Awesome

GPUODEBenchmarks

Comparison of Julia's GPU-based ensemble ODE solvers with other open-source implementations in C++, JAX, and PyTorch. These artifacts are part of the paper:

Automated Translation and Accelerated Solving of Differential Equations on Multiple GPU Platforms

NOTE: This repository is meant to contain scripts for benchmarking existing ensemble ODE solvers. For external purposes, one can directly use the solvers from the respective libraries.

Performance comparison with other open-source ensemble ODE solvers

Works with NVIDIA, Intel, AMD, and Apple GPUs

Reproduction of the benchmarks

The methods are written in Julia and are part of the repository https://github.com/SciML/DiffEqGPU.jl. The benchmark suite also consists of the raw data, such as simulation times and plots mentioned in the paper. The supported OS for the benchmark suite is Linux.

Installing Julia

Firstly, we will need to install Julia. The user can download the binaries from the official JuliaLang website https://julialang.org/downloads/. Alternatively, one can use the convenience of a Julia version multiplexer, https://github.com/JuliaLang/juliaup. The recommended OS for installation is Linux. The recommended Julia installation version is v1.8. To use AMD GPUs, please install v1.9. The Julia installation should also be added to the user's path.

Setting up DiffEqGPU.jl

Installing backends

The user must install the GPU backend library for testing DiffEqGPU.jl-related code.

    julia> using Pkg
    julia> #Run either of them
    julia> Pkg.add("CUDA") # NVIDIA GPUs
    julia> Pkg.add("AMDGPU") #AMD GPUs
    julia> Pkg.add("oneAPI") #Intel GPUs
    julia> Pkg.add("Metal") #Apple M series GPUs

Testing DiffEqGPU.jl

DiffEqGPU.jl is a test suite that regularly checks functionality by testing features like multiple backend support, event handling, and automatic differentiation. To test the functionality, one can follow the below instructions. The user needs to specify the "backend" for example "CUDA" for NVIDIA, "AMDGPU" for AMD, "oneAPI" for Intel , and "Metal" for Apple GPUs. The estimated time of completion is 20 minutes.

    $ julia --project=.
    julia> using Pkg
    julia> Pkg.instantiate()
    julia> Pkg.precompile()

Finally, test the package with this command

    $ backend="CUDA"
    $ julia --project=. test_DiffEqGPU.jl $backend

Additionally, the GitHub discussion https://github.com/SciML/DiffEqGPU.jl/issues/224#issuecomment-1453769679 highlights the use of textured memory with ODE solvers, accelerates the code by $2\times$ over CPU.
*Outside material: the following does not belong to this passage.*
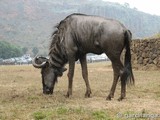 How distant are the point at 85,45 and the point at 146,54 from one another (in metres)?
16.0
Continuous Integration and Development

DiffEqGPU.jl is a fully featured library with regression testing, semver versioning, and version control. The tests are performed on cloud machines having a multitude of different GPUs https://buildkite.com/julialang/diffeqgpu-dot-jl/builds/705. These tests are approximately complete in 30 minutes. The publicly visible testing framework serves as a testimonial of compatibility with multiple platforms and said features in the paper.

Testing GPU-accelerated ODE Benchmarks with other programs

Benchmarking Julia (DiffEqGPU.jl) methods

We will need to install CUDA.jl for benchmarking. It is the only backend compatible with the ODE solvers in JAX, PyTorch, and MPGOS. To do so, one can follow the below process in the Julia Terminal:

    $ julia
    julia> using Pkg
    julia> Pkg.add("CUDA")

Let's clone the benchmark suite repository to start benchmarking;

    $ git clone https://github.com/utkarsh530\
    /GPUODEBenchmarks.git

We will instantiate and pre-compile all the packages beforehand to avoid the wait times during benchmarking. The folder ./GPU_ODE_Julia contains all the related scripts for the GPU solvers.

    $ cd ./GPUODEBenchmarks
    $ julia --project=./GPU_ODE_Julia --threads=auto
    julia> using Pkg
    julia> Pkg.instantiate()
    julia> Pkg.precompile()
    julia> exit()

It may take a few minutes to complete (< 10 minutes). After this, we can generate the timings of ODE solvers written in Julia. There is a script to benchmark ODE solvers for the different number of trajectories to demonstrate scalability and performance. The script invocation and timings can be generated through the following:

    $ bash ./run_benchmark.sh -l julia -d gpu -m ode

It might take around 20 minutes to finish. The flag -n N can be used to specify the upper bound of the trajectories to benchmark. By default $N = 2^{24}$, where the simulation runs for $n \in 8 \le n < N$, with the multiples of $4$.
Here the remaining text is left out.